Unique Paths II LeetCode Problem Solution

Now, let’s explore the solutions to this problem.

We’ll discuss a Bruteforce Approach followed by a more Efficient Approach using Dynamic Programming (DP).

1. Bruteforce Approach

The most straightforward way to tackle this problem is through recursion and a depth-first search (DFS) approach.

We’ll start from the top-left corner and recursively explore both down and right directions, counting the number of unique paths.

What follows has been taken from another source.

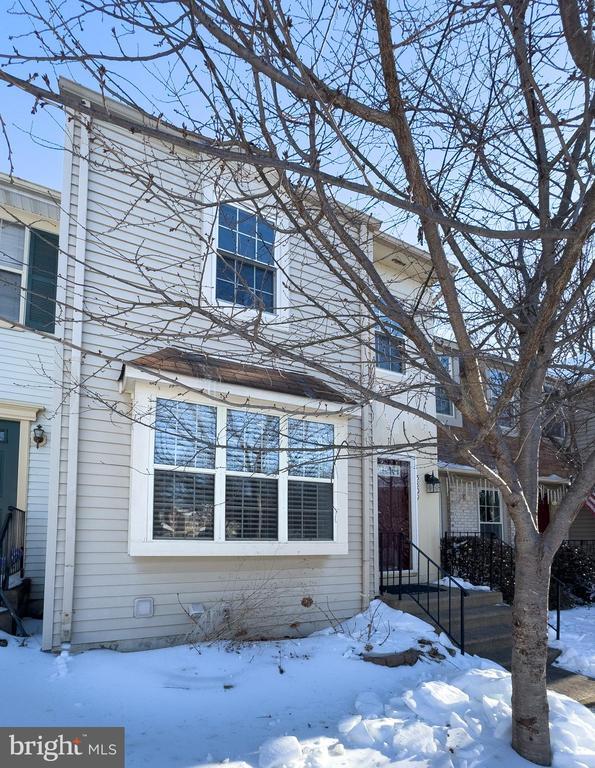 Building Photo - 5809 Waterdale Ct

Here’s a Python code snippet demonstrating the Bruteforce Approach:

def uniquePathsWithObstacles(self, grid: List[List[int]]) -> int:
    M, N = len(grid), len(grid[0])

    # Recursive DFS function
    def dfs(r, c):
        # Base cases:
        if r == M or c == N or grid[r][c]:
            return 0
        if r == M - 1 and c == N - 1:
            return 1

        # Recursive exploration
        return dfs(r + 1, c) + dfs(r, c + 1)

    return dfs(0, 0)

This solution is simple to understand and implement but becomes inefficient for larger grids with many obstacles.

To optimize the solution, we can use Dynamic Programming.

2. An Efficient Approach with Dynamic Programming

Dynamic Programming is an effective technique for optimizing problems like this.

It eliminates redundant computations by storing and reusing previously calculated results.

For this problem, we can use a 2D DP array to keep track of the number of unique paths for each cell.

Here’s a Python code snippet demonstrating the Efficient DP Approach:

View on GitHub ➹
def uniquePathsWithObstacles(self, obstacleGrid: List[List[int]]) -> int:
        M, N = len(obstacleGrid), len(obstacleGrid[0])
        dp = [[0] * N for _ in range(M)]

        # Initialize the bottom-right cell
        dp[M-1][N-1] = 1

        # Iterate through the grid in reverse order
        for r in reversed(range(M)):
            for c in reversed(range(N)):
                if obstacleGrid[r][c]:
                    dp[r][c] = 0
                else:
                    if r + 1 < M:
                        dp[r][c] += dp[r + 1][c]
                    if c + 1 < N:
                        dp[r][c] += dp[r][c + 1]

        return dp[0][0]